The other risk is that some people currently receiving the work incapacity element of universal credit will apply for the Personal Independence Payment. Charlie probably remembers the numbers. Significant numbers of those who are not currently on PIP will fail that assessment. Then you will be looking at a world in which a significant number of people who were receiving high levels of universal credit because they have some form of sickness or disability are then taken off that. So either you will risk spending more or you risk taking people off benefits to which they have hitherto been entitled.
The thinking behind it is entirely understandable; it is because of this world in which we are basically asking people to declare themselves unable to work in order to get more money.
Charlotte Pickles: I will declare an interest in that we wrote a paper, called Working Welfare, back in 2016 recommending almost exactly this policy, and I would recommend that everybody read it. Paul has articulated the big issue with the work capability assessment, which is that the objective is to fail this assessment, to prove that you cannot work. By the way, doing that is totally rational behaviour. However, if you would quite like to work and would perhaps like to try doing a job, you are terrified of trying it, because what if it does not work out? You have just proved that you had some capacity and now you cannot get back on the benefit.
The whole thing builds in what I would call very perverse incentives around behaviours. I will not give a full history lesson—I could be very geeky on this topic—but the WCA and employment support allowance, the original benefit that it was applied to, was invented by new Labour. It was John Hutton at the time who said, ‘You are more likely to die or retire on incapacity benefit’—its predecessor benefit—'than to ever move into work once you are on IB’.
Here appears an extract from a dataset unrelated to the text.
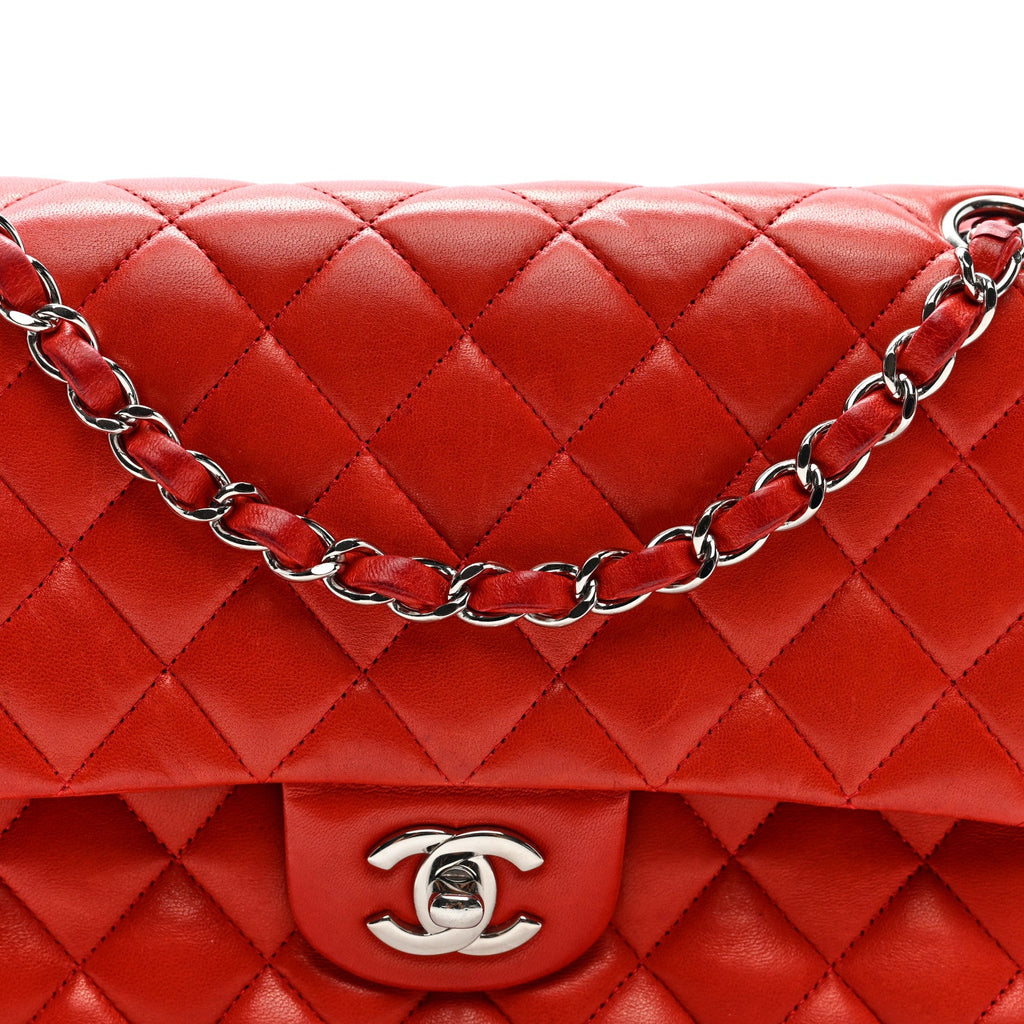 Lambskin Quilted Medium Double Flap Red At My store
The point of creating the employment support allowance with this assessment was to try to prevent that. The assumption was that a million people would come off incapacity benefit as a result of introducing this. That did not happen because it is designed not to incentivise people to move into work; it is designed to incentivise people to show that they cannot work at all. So the principle of removing this is incredibly positive.
On the question about what that could do for labour market participation, Paul is right that we really do not know, because this is quite pioneering, globally. This is one of the few cases where we are trying to do something ahead of the curve, because so many countries around the world have seen the same increase in disability benefit claims or caseloads. We do not know, but this certainly removes one of the significant barriers to being able to try work that is in place at the moment.
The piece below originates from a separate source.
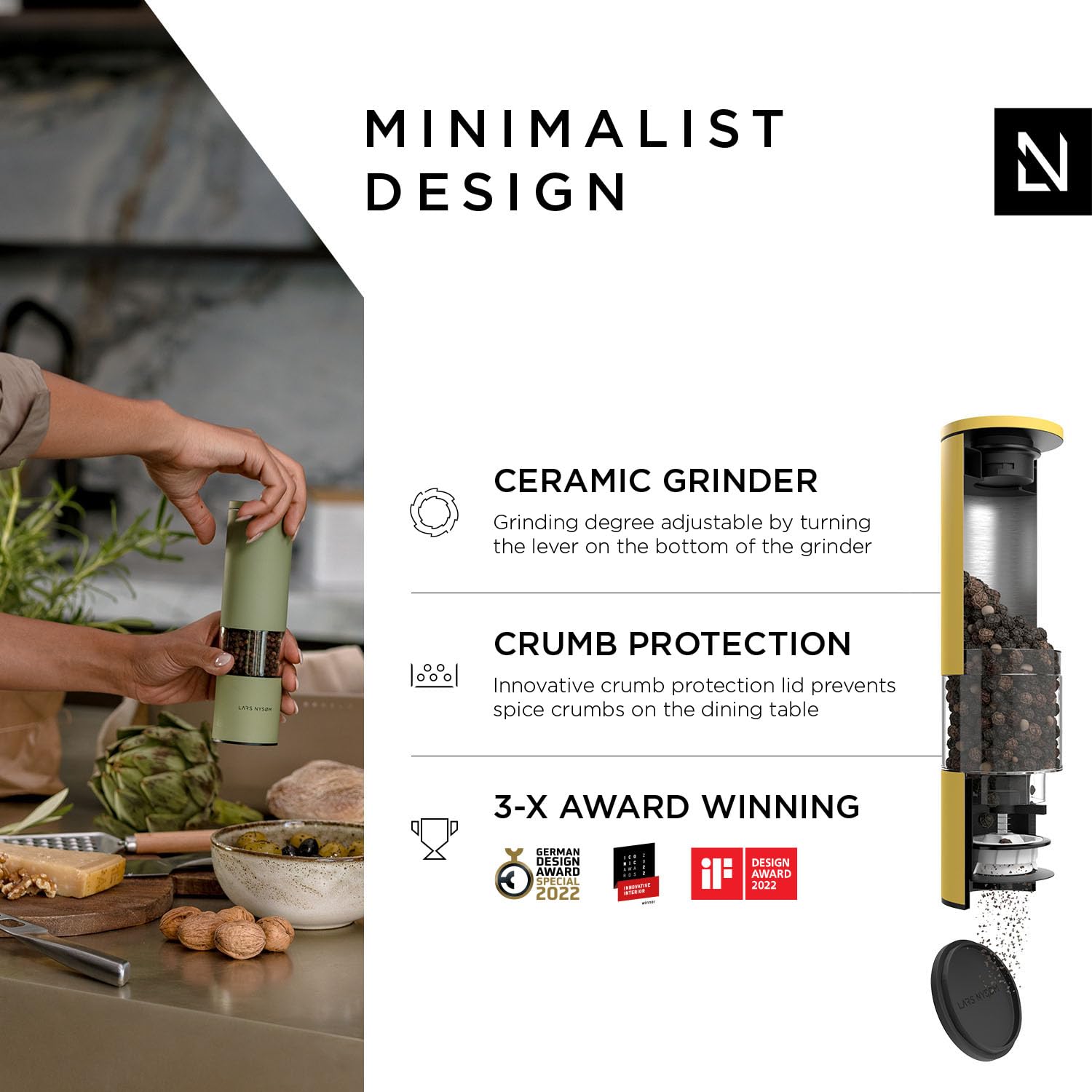 LARS NYSØM Salt and Pepper Mills Set Stainless Steel with Adjustable Ceramic Grinder 2 Pieces I Design Spice Mills Set Manual (Brown/Beige)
The second thing worth thinking about here is that it will work only if there are the right support services in place to enable people who have a health condition or a disability to move closer to work, to move into work, and then to sustain work. We are not in a position yet where we have the right support services.
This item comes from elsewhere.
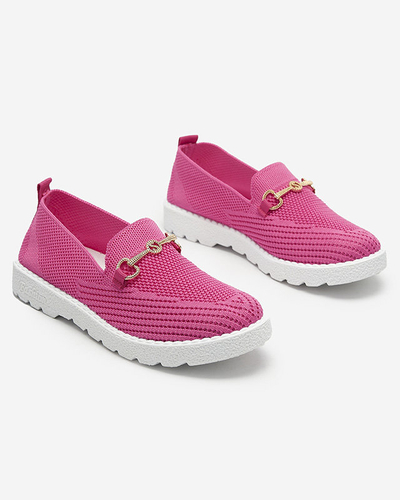 Baskets à enfiler pour femmes Fuchsia avec ornements dorés Enelida - Footwear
On the risks, which again Paul identified, there are probably two main unanswered questions in the White Paper. One is how you apply conditionality, because at the moment conditionality is dependent on the category you are put in. If you are in a category that says that you failed the work capability assessment, not only do you get this additional amount of money, but it is also essentially, ‘Bye, bye. We’re not going to require anything of you anymore. We’re not going to provide anything for you anymore’. What happens if you do not have an indicator of whether you will start requiring people to engage with a work coach or a support programme or some type of service has not been decided, and obviously you get into quite tricky territory of client conditionality with people who have a health condition.
The other thing is the question of notional losers. It is important to say ‘notional losers’ here, because the working assumption is that there will be transitional protection, as there was when universal credit was introduced. In theory, no one who is currently in receipt of these benefits is likely to lose out on any money. The question is about new people coming through. Well done to DWP, which has given itself a very long period of time to get this right. It has obviously learned from universal credit and built in a good timeframe. The majority of people are unlikely to be eligible for PIP, which is about extra costs. If they do not have extra costs relating to their disability or health condition, they will not get PIP.
The big increase in the caseload of UC or ESA has been in mental health. About half of the caseload now is mental health on these benefits, and the lion's share of that is a category called mental and behavioural disorders, most of which are depression and anxiety. Most people do not have extra costs because they have depression or anxiety. They are also conditions that, with the right support, you very much should be able to live with or even overcome.
That is where you get into the question of people who will not get the additional money because they will not be eligible for PIP in future because they do not have extra costs, which is the purpose of that benefit. How are we going to support those people to manage depression, anxiety, the mental health disorder they have in order to be able to be in work and then to sustain work? That is the really interesting question. If we can nail that, we can have a huge impact on disability employment.
Q9 Lord Carter of Coles: On the quantity of labour that is available in the market, is there a model for the whole economy? You make the point that there are 70,000 jobs coming in if we get the childcare right and then 245,000 net migration a year. Are we going to run out of labour, particularly in public services, where it impacts low wages?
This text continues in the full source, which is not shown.